The King Baboon spider, Pelinobius muticus, is a burrowing African tarantula. Its impressive size and appealing coloration are tempered by reports describing severe localized pain, swelling, itchiness, and muscle cramping after accidental envenomation. Hyperalgesia is the most prominent symptom after bites from P. muticus, but the molecular basis by which the venom induces pain is unknown. Proteotranscriptomic analysis of P. muticus venom uncovered a cysteine-rich peptide, delta/kappa-theraphotoxin-Pm1a (delta/kappa-TRTX-Pm1a), that elicited nocifensive behavior when injected into mice. In small dorsal root ganglion neurons, synthetic delta/kappa-TRTX-Pm1a (sPm1a) induced hyperexcitability by enhancing tetrodotoxin-resistant sodium currents, impairing repolarization and lowering the threshold of action potential firing, consistent with the severe pain associated with envenomation.
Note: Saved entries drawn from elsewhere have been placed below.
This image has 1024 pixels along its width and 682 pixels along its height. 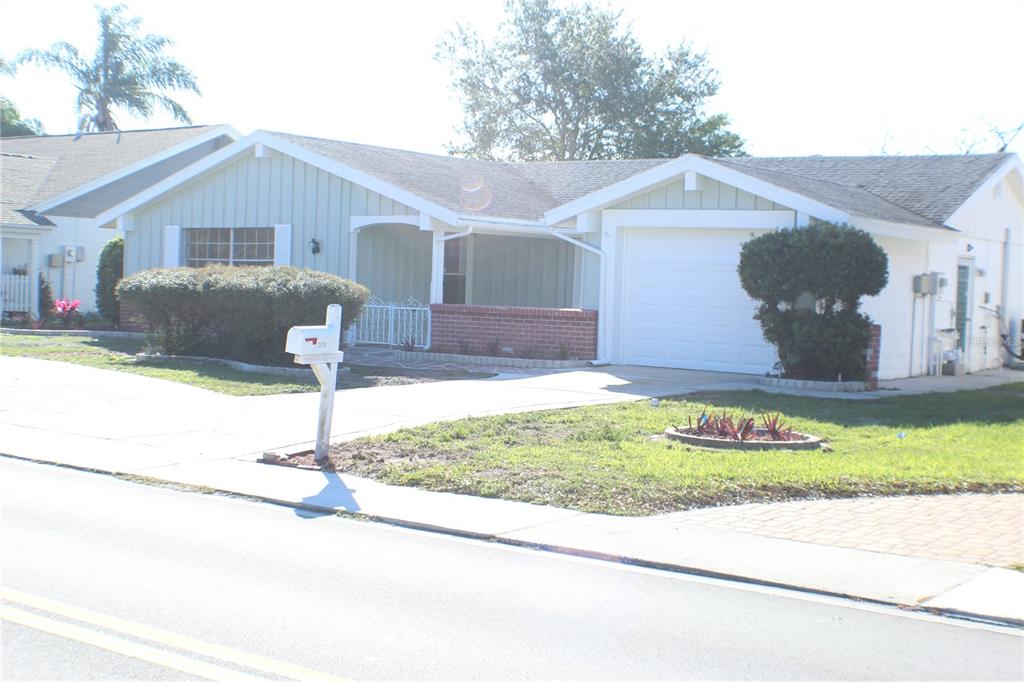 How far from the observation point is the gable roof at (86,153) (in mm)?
30391

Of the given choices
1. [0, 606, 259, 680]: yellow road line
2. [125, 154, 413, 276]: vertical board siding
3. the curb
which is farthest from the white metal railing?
[0, 606, 259, 680]: yellow road line

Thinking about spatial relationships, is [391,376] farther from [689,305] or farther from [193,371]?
[689,305]

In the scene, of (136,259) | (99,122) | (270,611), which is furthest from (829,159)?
(99,122)

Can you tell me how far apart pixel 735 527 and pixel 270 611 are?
3.68m

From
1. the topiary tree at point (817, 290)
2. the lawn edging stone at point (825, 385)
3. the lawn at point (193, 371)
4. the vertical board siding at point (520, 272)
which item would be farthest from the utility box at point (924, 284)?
the lawn at point (193, 371)

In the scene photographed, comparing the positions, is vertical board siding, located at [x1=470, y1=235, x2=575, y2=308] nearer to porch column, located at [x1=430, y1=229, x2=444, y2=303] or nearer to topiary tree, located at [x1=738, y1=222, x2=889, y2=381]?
porch column, located at [x1=430, y1=229, x2=444, y2=303]

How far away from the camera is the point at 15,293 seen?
2756 cm

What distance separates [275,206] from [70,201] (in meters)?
9.81

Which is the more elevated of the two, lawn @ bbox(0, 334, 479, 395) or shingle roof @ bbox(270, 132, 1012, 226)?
shingle roof @ bbox(270, 132, 1012, 226)

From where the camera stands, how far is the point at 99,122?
5159 centimetres

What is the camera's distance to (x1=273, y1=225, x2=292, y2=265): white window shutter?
22.5 meters

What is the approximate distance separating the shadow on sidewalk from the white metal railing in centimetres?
2109

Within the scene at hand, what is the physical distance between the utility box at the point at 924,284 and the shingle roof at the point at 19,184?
21397 mm

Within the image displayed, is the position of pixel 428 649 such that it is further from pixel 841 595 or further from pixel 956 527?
pixel 956 527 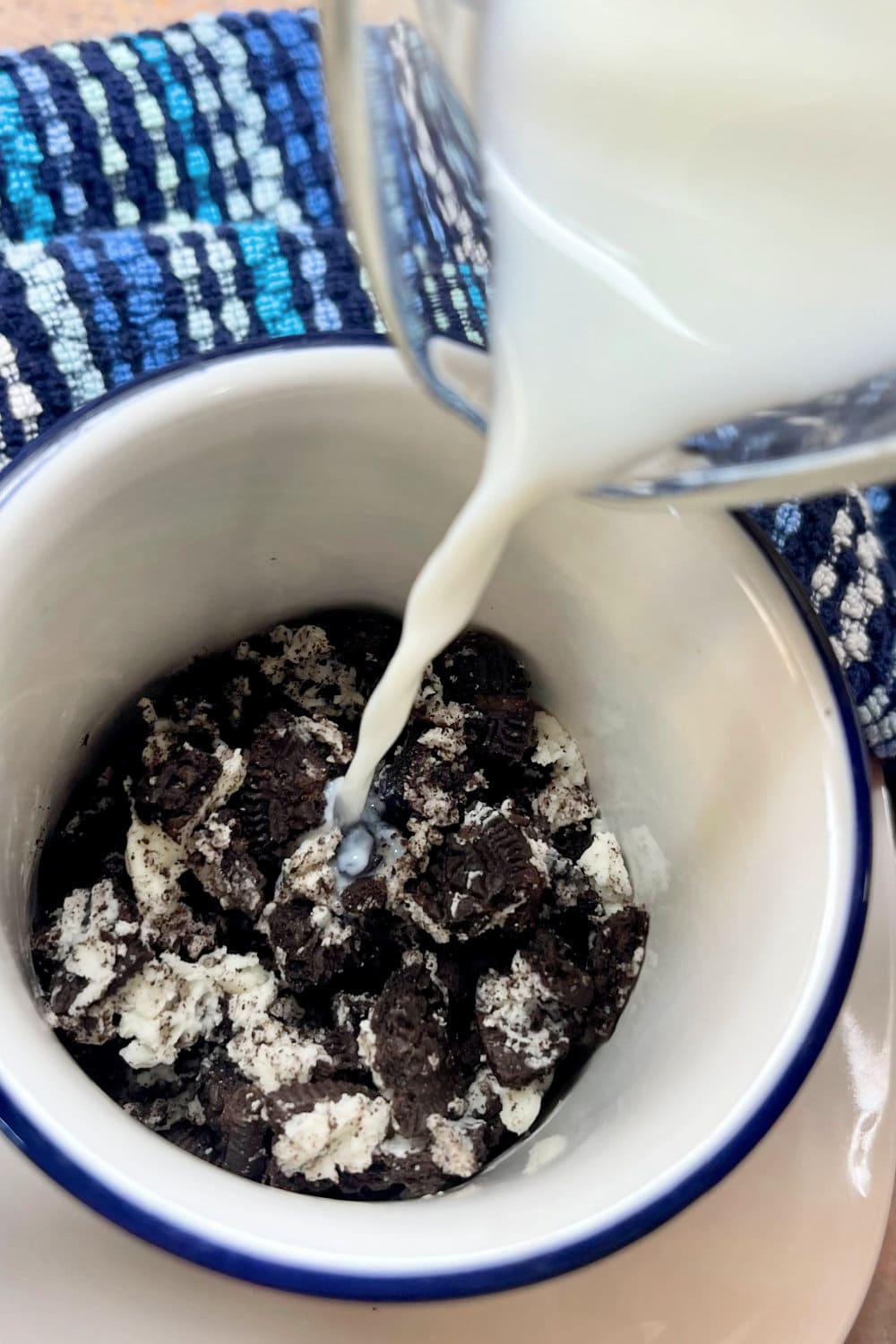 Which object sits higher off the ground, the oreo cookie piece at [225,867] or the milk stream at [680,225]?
the milk stream at [680,225]

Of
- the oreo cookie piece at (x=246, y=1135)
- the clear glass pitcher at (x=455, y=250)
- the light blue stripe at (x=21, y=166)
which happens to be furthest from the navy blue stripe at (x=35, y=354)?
the oreo cookie piece at (x=246, y=1135)

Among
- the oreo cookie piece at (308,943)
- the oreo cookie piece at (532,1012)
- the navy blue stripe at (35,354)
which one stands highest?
the navy blue stripe at (35,354)

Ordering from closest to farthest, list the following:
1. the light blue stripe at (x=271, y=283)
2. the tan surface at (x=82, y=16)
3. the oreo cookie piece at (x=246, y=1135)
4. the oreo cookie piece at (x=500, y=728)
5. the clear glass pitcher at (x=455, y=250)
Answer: the clear glass pitcher at (x=455, y=250)
the oreo cookie piece at (x=246, y=1135)
the oreo cookie piece at (x=500, y=728)
the light blue stripe at (x=271, y=283)
the tan surface at (x=82, y=16)

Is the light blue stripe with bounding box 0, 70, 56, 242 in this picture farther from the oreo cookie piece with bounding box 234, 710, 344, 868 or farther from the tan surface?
the oreo cookie piece with bounding box 234, 710, 344, 868

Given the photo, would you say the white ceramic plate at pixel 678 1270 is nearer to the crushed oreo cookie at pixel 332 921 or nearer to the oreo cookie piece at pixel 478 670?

The molecular mechanism of nociceptor sensitization by sPm1a involves multimodal actions over several ion channel targets, including NaV1.8, KV2.1, and tetrodotoxin-sensitive NaV channels. The promiscuous targeting of peptides like delta/kappa-TRTX-Pm1a may be an evolutionary adaptation in pain-inducing defensive venoms.

Item Type: Article
Subjects: R Medicine > R Medicine (General)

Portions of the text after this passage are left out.